These days war is everywhere – television, newspapers, radio, even conversations overheard on the street – but the horrors of war have never been as real to me as they were while reading S. The images presented in Slavenka Drakulic’s all-too-real story of life in a Serbian detainment camp in 1992 during the height of the Bosnian War are much more disturbing than anything I’ve seen on CNN.
S. is a Bosnian woman, a school teacher in a small village living a normal peaceful life. But when the Serbian army shows up one morning reality is torn apart and S. is thrust into a living nightmare that will never truly end. Through this soul-shattering tale S. shows the reader the true nature of war and man – the endless hatred, violence and inhumanity; the undying determination and hope. A raw, gruesome series of images assault the reader page after page, but the S.’ determination to believe, to hope, and to ultimately survive carry you through and helps you learn the evil that so many gave their lives to defeat.
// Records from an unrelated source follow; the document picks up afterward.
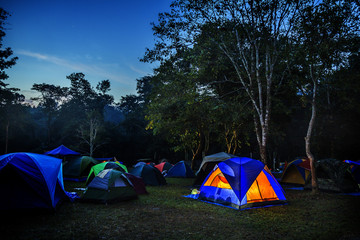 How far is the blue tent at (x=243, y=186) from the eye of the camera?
7996 mm

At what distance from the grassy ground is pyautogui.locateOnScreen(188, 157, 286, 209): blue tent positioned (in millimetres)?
393

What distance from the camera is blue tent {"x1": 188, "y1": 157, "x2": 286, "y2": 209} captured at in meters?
8.00

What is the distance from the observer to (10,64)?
27922 mm

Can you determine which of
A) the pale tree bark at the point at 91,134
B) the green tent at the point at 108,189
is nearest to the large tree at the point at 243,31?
the green tent at the point at 108,189

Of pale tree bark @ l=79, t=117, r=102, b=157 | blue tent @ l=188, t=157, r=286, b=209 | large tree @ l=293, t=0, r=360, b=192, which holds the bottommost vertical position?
blue tent @ l=188, t=157, r=286, b=209

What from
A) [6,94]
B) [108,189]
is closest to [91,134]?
[6,94]

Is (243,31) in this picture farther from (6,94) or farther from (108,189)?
(6,94)

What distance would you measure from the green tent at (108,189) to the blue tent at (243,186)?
10.5ft

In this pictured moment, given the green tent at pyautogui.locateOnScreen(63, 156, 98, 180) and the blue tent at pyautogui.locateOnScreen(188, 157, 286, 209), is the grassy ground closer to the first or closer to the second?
the blue tent at pyautogui.locateOnScreen(188, 157, 286, 209)

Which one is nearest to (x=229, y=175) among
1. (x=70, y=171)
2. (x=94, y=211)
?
(x=94, y=211)

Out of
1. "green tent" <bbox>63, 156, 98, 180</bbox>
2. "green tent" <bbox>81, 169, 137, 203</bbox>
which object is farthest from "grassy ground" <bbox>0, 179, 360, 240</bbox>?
"green tent" <bbox>63, 156, 98, 180</bbox>

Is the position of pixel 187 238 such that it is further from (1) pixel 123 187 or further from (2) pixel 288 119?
(2) pixel 288 119

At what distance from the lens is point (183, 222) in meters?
6.26

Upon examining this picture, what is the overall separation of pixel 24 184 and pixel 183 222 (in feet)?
16.3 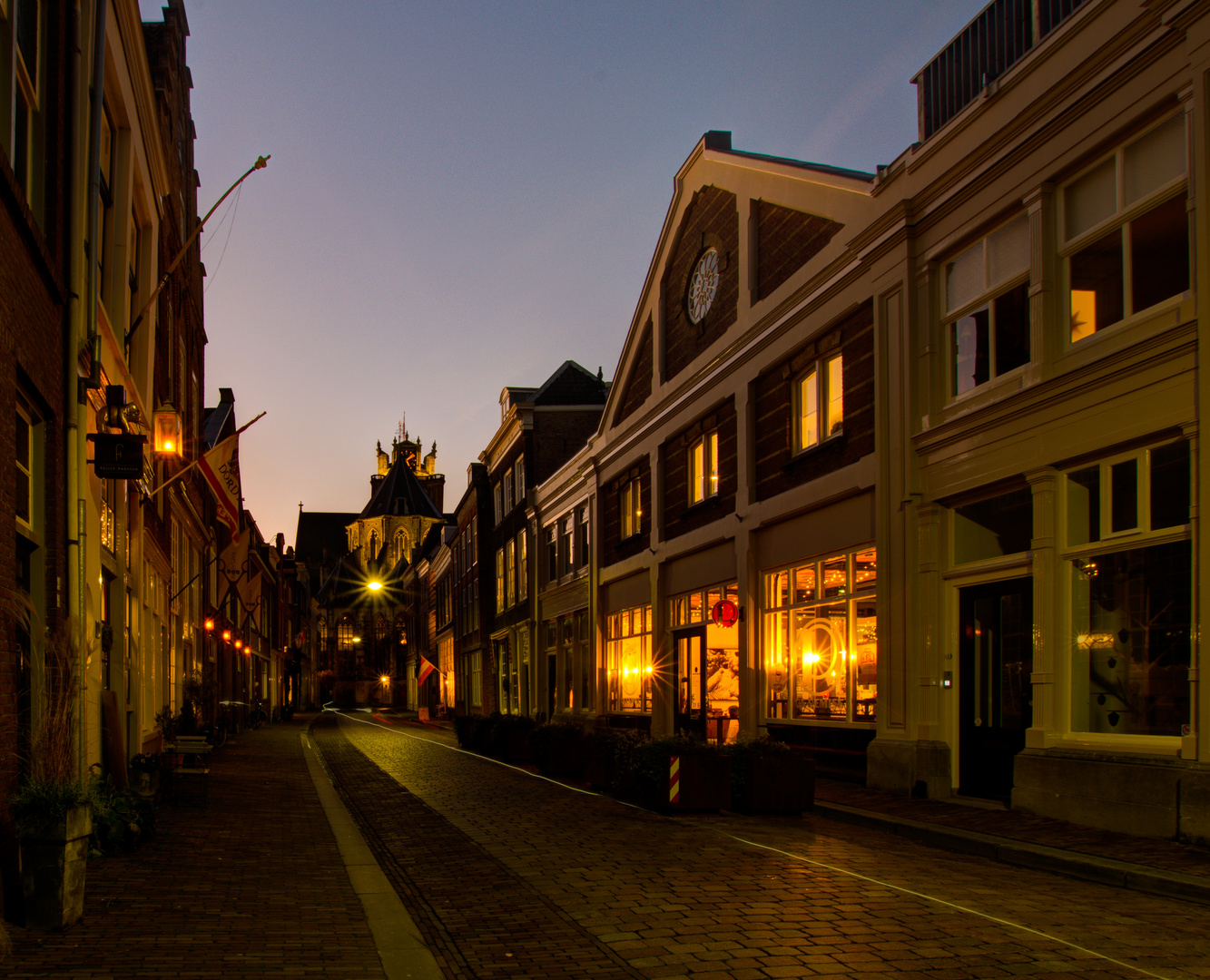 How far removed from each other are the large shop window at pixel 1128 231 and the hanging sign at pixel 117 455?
9770 mm

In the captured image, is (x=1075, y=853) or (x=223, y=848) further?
(x=223, y=848)

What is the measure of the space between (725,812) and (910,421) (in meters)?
5.76

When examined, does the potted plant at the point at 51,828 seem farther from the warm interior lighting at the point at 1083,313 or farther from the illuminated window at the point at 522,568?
the illuminated window at the point at 522,568

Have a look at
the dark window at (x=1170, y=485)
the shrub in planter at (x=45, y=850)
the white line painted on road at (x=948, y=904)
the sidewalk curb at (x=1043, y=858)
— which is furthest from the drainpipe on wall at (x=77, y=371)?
the dark window at (x=1170, y=485)

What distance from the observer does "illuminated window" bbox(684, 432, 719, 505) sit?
2505cm

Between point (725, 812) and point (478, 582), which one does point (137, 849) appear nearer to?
point (725, 812)

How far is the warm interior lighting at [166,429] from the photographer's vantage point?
16.4 metres

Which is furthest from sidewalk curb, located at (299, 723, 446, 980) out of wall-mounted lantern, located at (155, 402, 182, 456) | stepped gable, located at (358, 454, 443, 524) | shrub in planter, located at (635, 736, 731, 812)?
stepped gable, located at (358, 454, 443, 524)

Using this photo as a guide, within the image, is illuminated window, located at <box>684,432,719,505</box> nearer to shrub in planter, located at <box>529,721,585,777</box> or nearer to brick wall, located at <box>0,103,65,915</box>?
shrub in planter, located at <box>529,721,585,777</box>

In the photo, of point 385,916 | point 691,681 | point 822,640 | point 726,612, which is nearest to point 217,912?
point 385,916

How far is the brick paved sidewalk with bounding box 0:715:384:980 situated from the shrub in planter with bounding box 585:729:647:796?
4150 millimetres

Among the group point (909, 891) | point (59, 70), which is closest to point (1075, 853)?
point (909, 891)

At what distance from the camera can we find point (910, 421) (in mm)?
16406

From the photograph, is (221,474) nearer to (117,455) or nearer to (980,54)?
(117,455) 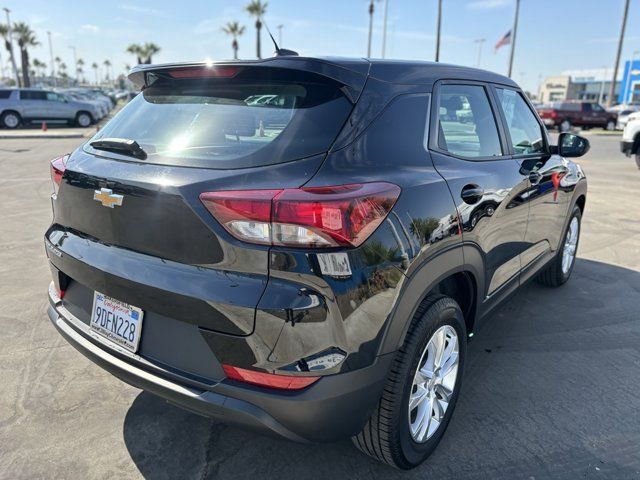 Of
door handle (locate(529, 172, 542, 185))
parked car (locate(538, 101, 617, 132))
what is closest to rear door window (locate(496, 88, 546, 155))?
door handle (locate(529, 172, 542, 185))

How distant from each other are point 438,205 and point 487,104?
1.22 meters

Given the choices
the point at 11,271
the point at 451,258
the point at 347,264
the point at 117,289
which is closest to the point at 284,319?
the point at 347,264

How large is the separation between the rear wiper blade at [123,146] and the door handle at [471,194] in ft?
4.71

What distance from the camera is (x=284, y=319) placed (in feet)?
5.70

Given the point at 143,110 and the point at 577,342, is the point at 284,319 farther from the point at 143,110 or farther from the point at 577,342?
the point at 577,342

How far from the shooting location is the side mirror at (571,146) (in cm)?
383

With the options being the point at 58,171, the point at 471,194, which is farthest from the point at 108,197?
the point at 471,194

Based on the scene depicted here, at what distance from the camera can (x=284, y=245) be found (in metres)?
1.74

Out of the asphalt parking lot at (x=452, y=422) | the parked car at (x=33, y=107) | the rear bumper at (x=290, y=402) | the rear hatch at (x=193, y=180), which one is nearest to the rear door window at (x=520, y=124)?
the asphalt parking lot at (x=452, y=422)

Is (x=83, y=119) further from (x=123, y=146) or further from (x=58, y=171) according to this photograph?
(x=123, y=146)

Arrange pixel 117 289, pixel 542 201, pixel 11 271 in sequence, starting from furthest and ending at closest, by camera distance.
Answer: pixel 11 271 → pixel 542 201 → pixel 117 289

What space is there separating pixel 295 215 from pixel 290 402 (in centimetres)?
66

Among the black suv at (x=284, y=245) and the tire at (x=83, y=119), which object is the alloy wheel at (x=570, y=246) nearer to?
the black suv at (x=284, y=245)

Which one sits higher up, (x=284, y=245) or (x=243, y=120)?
(x=243, y=120) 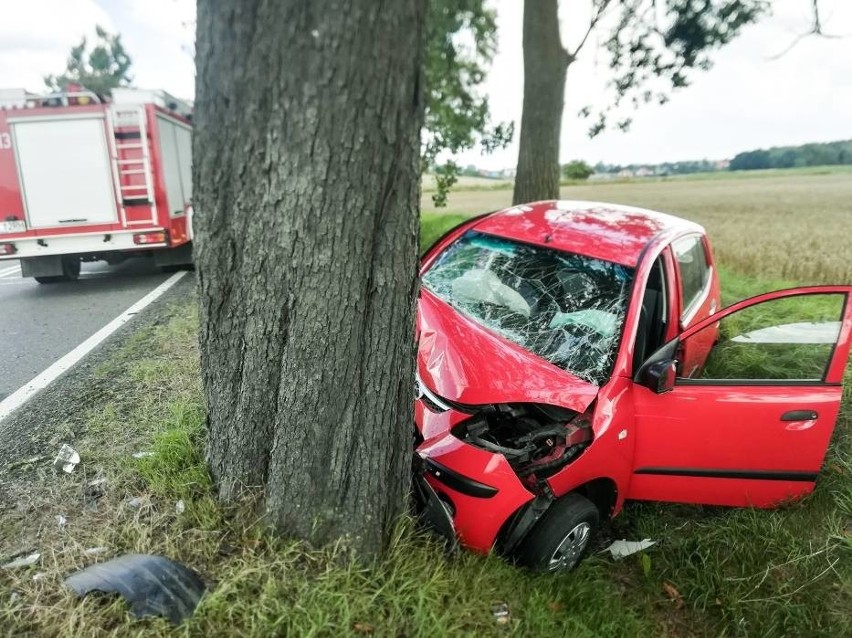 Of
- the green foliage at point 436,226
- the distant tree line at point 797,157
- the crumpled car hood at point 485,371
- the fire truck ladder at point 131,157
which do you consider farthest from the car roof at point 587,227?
the distant tree line at point 797,157

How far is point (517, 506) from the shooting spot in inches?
96.3

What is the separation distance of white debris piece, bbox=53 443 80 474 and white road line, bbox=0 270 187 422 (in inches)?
37.7

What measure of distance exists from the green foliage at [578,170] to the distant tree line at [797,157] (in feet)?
33.1

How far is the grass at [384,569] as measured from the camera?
1.90m

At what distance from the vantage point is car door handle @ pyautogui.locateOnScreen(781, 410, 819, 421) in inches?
114

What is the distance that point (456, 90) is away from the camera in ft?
28.1

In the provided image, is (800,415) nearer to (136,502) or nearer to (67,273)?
(136,502)

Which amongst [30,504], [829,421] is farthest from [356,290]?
[829,421]

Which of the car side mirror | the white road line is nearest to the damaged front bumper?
the car side mirror

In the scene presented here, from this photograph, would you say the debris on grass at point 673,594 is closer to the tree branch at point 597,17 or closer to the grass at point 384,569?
the grass at point 384,569

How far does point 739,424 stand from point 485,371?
53.3 inches

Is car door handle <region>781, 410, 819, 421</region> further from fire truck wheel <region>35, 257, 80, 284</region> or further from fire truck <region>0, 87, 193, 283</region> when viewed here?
fire truck wheel <region>35, 257, 80, 284</region>

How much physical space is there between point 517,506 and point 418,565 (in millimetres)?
513

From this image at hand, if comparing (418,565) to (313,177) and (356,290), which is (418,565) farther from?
(313,177) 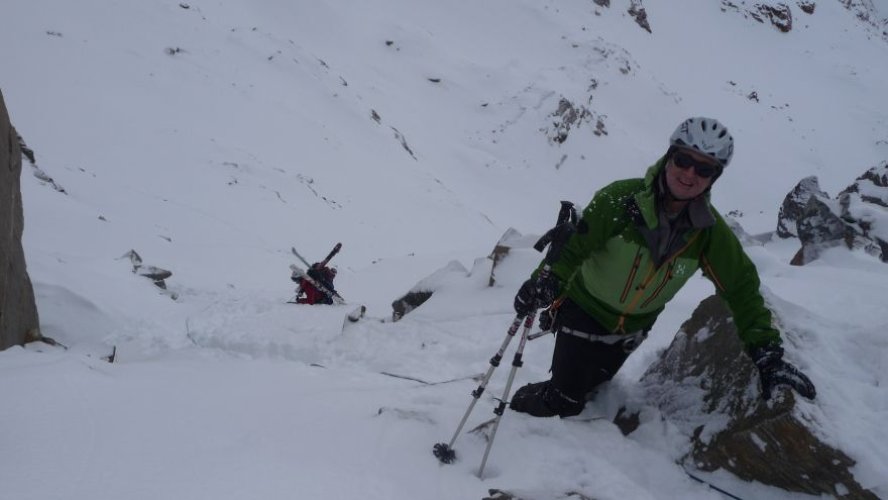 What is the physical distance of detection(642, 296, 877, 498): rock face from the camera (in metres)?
3.20

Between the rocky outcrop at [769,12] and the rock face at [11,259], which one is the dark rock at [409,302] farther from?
the rocky outcrop at [769,12]

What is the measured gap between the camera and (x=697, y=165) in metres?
3.23

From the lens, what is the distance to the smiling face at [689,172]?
3.22m

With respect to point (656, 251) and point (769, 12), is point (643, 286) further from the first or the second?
point (769, 12)

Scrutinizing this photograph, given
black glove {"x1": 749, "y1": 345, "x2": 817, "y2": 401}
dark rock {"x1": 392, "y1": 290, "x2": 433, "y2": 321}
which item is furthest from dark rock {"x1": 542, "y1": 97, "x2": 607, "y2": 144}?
black glove {"x1": 749, "y1": 345, "x2": 817, "y2": 401}

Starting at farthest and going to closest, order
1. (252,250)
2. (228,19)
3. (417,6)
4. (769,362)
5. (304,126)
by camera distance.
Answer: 1. (417,6)
2. (228,19)
3. (304,126)
4. (252,250)
5. (769,362)

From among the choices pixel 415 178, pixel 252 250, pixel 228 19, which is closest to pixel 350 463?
pixel 252 250

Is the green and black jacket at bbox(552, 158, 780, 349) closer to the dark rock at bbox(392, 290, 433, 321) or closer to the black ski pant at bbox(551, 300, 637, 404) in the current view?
the black ski pant at bbox(551, 300, 637, 404)

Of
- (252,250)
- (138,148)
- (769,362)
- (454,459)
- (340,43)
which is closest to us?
(769,362)

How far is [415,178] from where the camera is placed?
20.5 meters

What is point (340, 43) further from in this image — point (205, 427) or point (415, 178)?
point (205, 427)

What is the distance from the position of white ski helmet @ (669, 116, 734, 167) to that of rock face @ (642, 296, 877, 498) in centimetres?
143

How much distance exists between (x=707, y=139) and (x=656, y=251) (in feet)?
2.28

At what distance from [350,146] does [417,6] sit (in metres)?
14.2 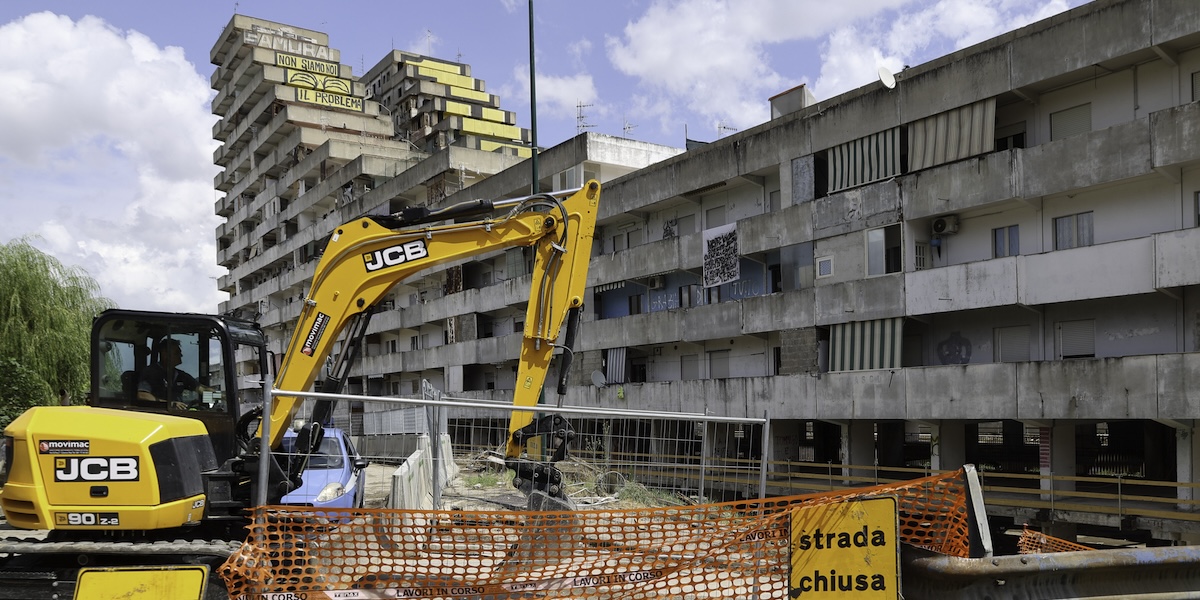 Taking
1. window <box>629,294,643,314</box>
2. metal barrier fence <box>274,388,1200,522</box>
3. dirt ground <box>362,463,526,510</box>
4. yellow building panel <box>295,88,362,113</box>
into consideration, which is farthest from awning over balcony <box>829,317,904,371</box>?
yellow building panel <box>295,88,362,113</box>

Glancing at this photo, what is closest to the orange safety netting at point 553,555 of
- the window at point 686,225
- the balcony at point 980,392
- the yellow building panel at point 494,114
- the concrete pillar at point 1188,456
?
the balcony at point 980,392

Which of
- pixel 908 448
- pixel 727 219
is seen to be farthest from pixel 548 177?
pixel 908 448

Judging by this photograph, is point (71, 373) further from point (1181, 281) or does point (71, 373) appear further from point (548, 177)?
point (1181, 281)

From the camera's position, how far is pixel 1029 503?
840 inches

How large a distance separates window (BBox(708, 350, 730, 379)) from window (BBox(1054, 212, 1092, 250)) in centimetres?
1130

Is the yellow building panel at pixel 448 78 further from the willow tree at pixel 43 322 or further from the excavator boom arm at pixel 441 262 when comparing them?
the excavator boom arm at pixel 441 262

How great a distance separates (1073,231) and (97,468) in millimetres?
Result: 21109

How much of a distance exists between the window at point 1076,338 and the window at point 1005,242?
2.09 meters

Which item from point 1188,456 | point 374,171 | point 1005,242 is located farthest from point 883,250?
point 374,171

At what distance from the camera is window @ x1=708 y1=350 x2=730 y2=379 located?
30859 mm

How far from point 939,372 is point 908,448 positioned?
10833 millimetres

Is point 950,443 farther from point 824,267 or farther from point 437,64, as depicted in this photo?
point 437,64

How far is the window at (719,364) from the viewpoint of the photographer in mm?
30859

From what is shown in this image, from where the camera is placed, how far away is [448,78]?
85.9 meters
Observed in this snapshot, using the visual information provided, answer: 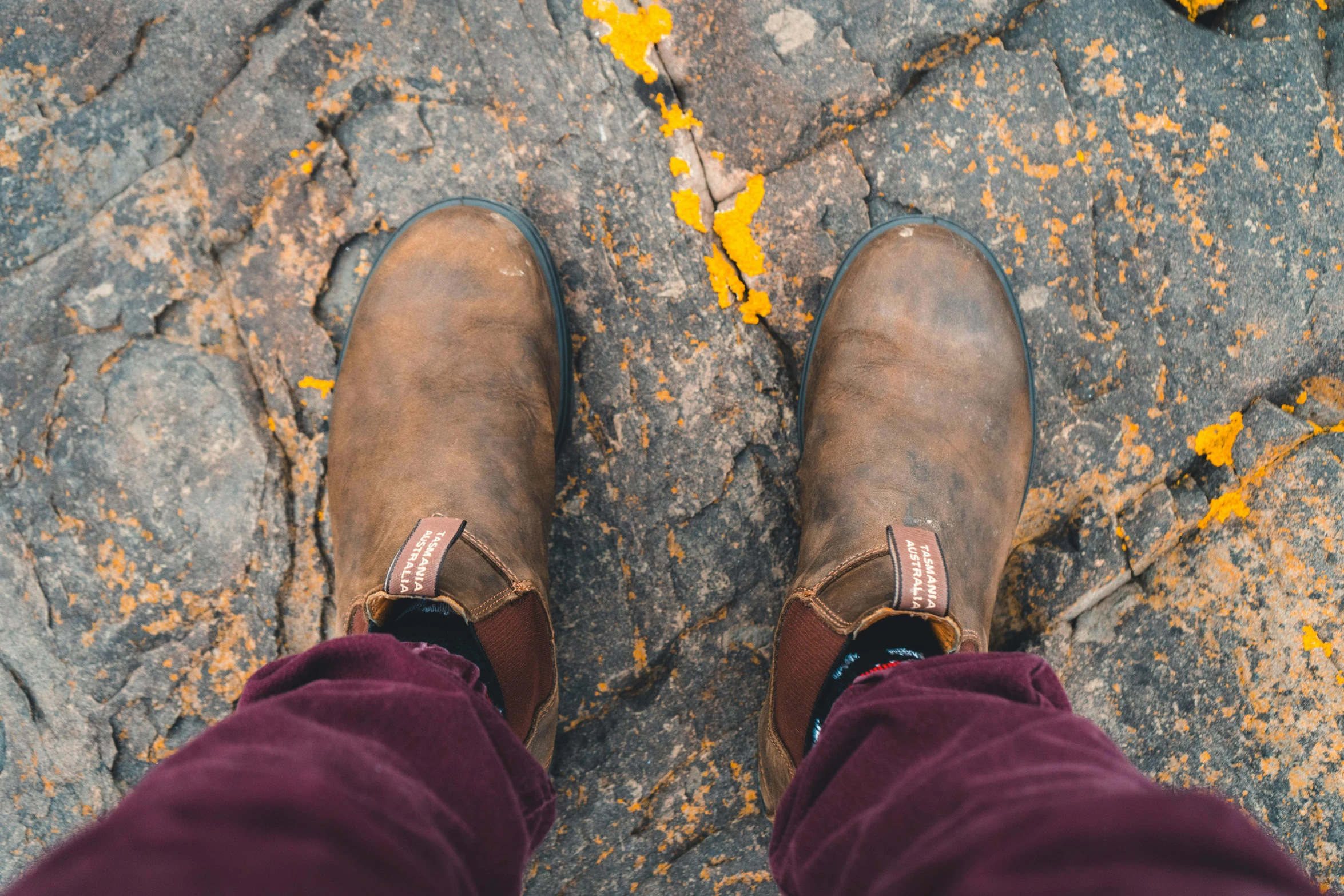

America fought in the Bosnian War, but we did it from the skies with bombs and care packages, never getting close enough to get a good look. The real story of what was actually happening over there never reached the American public. Now, for those courageous and curious enough to wonder what it was all about, S. brings the experience to life from the inside. Before reading S. I did not really know why we had gotten involved in the Bosnian War, now I wish we had done more.